Prior to any data extraction processes, we need to locate the targeted table among all the tables in the PDF document. This task is done by the Bytescout.PDFExtractor.TableDetector object which can loop over existing tables in the document.

The program below shows how to locate the N-th table (targetTableNumber variable) in the P-th page (targetPageNumber variable) of the whole PDF document.

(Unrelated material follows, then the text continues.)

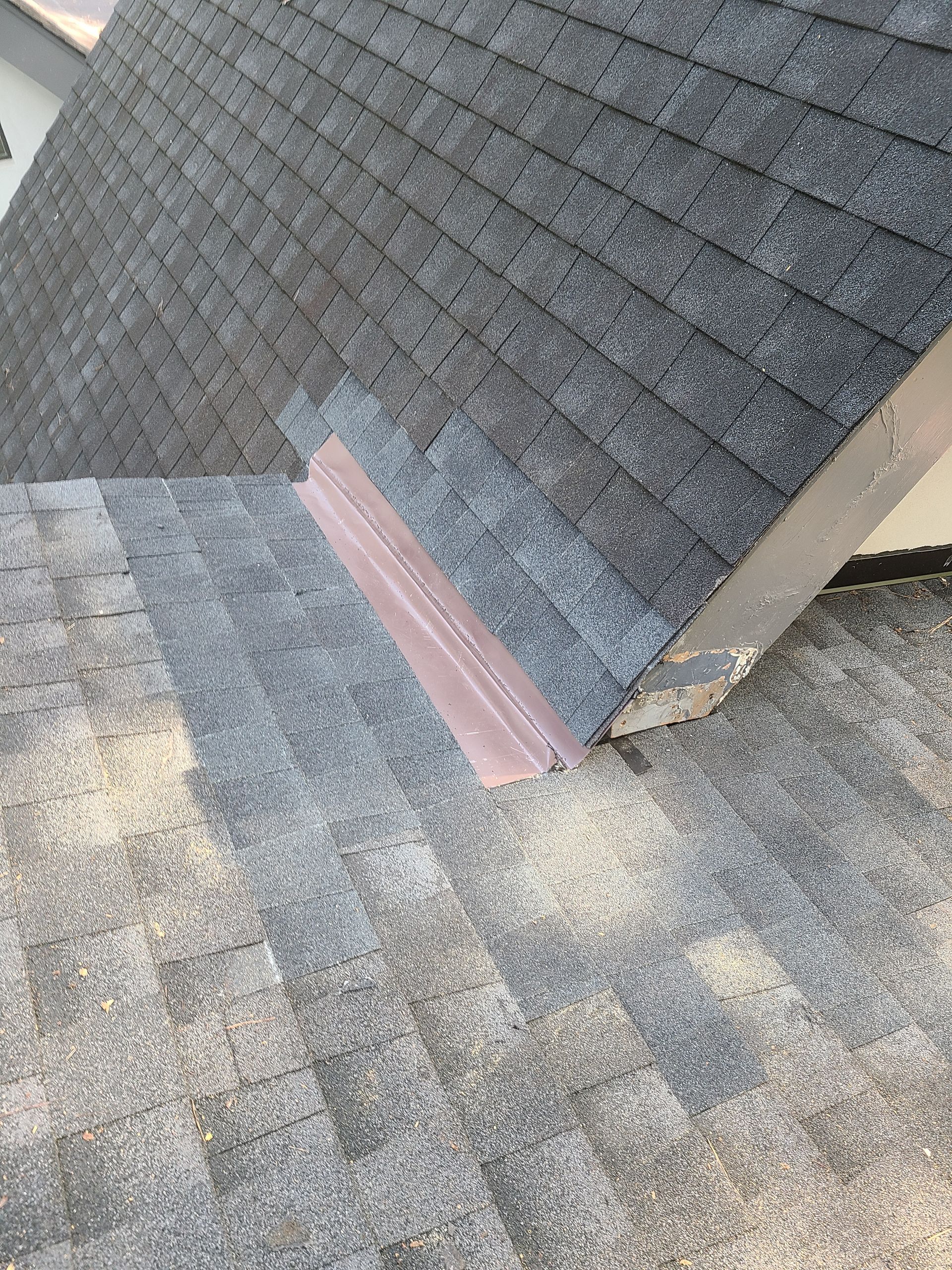 A man is working on the roof of a house under construction.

using Bytescout.PDFExtractor;

namespace Topic4.Sample1.TableDetectorSample
{
    class Program
    {
        static void Main(string[] args)
        {
            //The path of the PDF file
            var pdfFile = @"sample1.pdf";

	    // this is the index of the page containing the targeted table
            int targetPageNumber = 1;

            // this is the value of the table we are looking for, 1 or 2 in the current example
            int targetTableNumber = 1;

            // Create an instance of a TableDetector
            TableDetector tdetector = new TableDetector();

            // License informations here
            tdetector.RegistrationKey = "demo";
            tdetector.RegistrationName = "demo";
          
            // Load the document file
            tdetector.LoadDocumentFromFile(pdfFile);

            // Count the number of pages in the actual PDF file
            int pageCount = tdetector.GetPageCount();            

            // Loop over document pages ...
            for (int i = 0; i< pageCount; i++)
            {

                //... we are only interested in the targetPageNumber-th page
                if (targetPageNumber != (i + 1)) continue;

                //... if tables are found in the current page...
                if (tdetector.FindTable(i))
                {
                    int tableLoopNumber = 1;
                
                    //... loop over the tables in the current page ...
                    do
                    {
                        if (tableLoopNumber == (targetTableNumber-1))
                        {
                    
                            //... targetTableNumber-th table in the targetPageNumber-th page is here
                            break;
                        }

                        tableLoopNumber++;
                    }
                    while (tdetector.FindNextTable());
                }
            }
        }
    }
}

Filters:

The TableDetector class offers some useful properties to filter the search:

  •  DetectionMinNumberOfColumns
  •  DetectionMinNumberOfRows

After locating the right table, we want to gather some data from it. This is achieved by an instance of extractor class: CSVExtractor, TextExtractor, JSONExtractor, XLSExctrator,…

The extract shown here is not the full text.